Human Experience (HX) Research
10/2/17 / Molly Hagan
About a year ago, I stumbled upon a TEDx Talk by Tricia Wang titled “The Human Insights Missing from Big Data”. She eloquently unfurls a story about her experience working at Nokia around the time smartphones were becoming a formidable emergent market. Over the course of several months, Tricia Wang conducted ethnographic research with around 100 youth in China and her conclusion was simple—everyone wanted a smartphone and they would do just about anything to acquire one. Despite her exhaustive research, when she relayed her findings to Nokia they were unimpressed and expressed that big data trends did not indicate there would be a large market for smartphones. Hindsight is 20/20.
One line in particular stuck out to me as I watched her talk— “[r]elying on big data alone increases the chances we’ll miss something, while giving us the illusion we know everything”. Big data offers companies and organizations plentiful data points that haphazardly paint a picture of human behavior and consumption patterns. What big data does not account for is the inherent ever-shifting, fickle nature of humans themselves. While big data continues to dominate quantitative research, qualitative research methods are increasingly shifting to account for the human experience.
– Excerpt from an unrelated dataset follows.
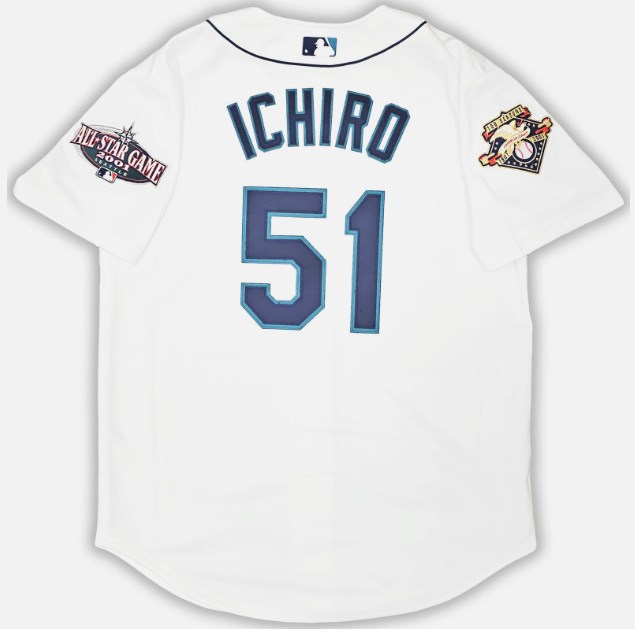 楽天市場】イチロー直筆サイン入り2001年MLBデビュー記念オールスター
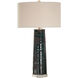 Chamila 32 inch 150 watt Aged Teal Glaze with Black Distressing Table Lamp Portable Light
Often referred to as HX, human experience research aims to capture the singularity of humans and forces researchers to stop looking at customers exclusively as consumers. In human experience research, questions are asked to get at a respondent’s identity and emotions; for instance, asking how respondents relate to an advertising campaign instead of just how they react to the campaign.
The cultivation of HX research in the industry begs the question: what are the larger implications for qualitative research? Perhaps the most obvious answer is that moderators and qualitative researchers need to rethink how research goals are framed and how questions are posed to respondents to capture their unique experience. There are also implications for the recruiting process. The need for quality respondents is paramount in human experience research and will necessitate a shift in recruiting and screening practices. Additionally, qualitative researchers need to ensure that the best methodology is chosen in order to make respondents feel comfortable and vulnerable enough to share valuable insights with researchers.
Human experience research may just now be gaining widespread traction, but the eventual effects will ultimately reshape the industry and provide another tool for qualitative researchers to answer increasingly complex research questions for clients. At Corona, adoption of emerging methodologies and frameworks such as HX means we can increasingly fill knowledge gaps and help our clients better understand the humans behind the research.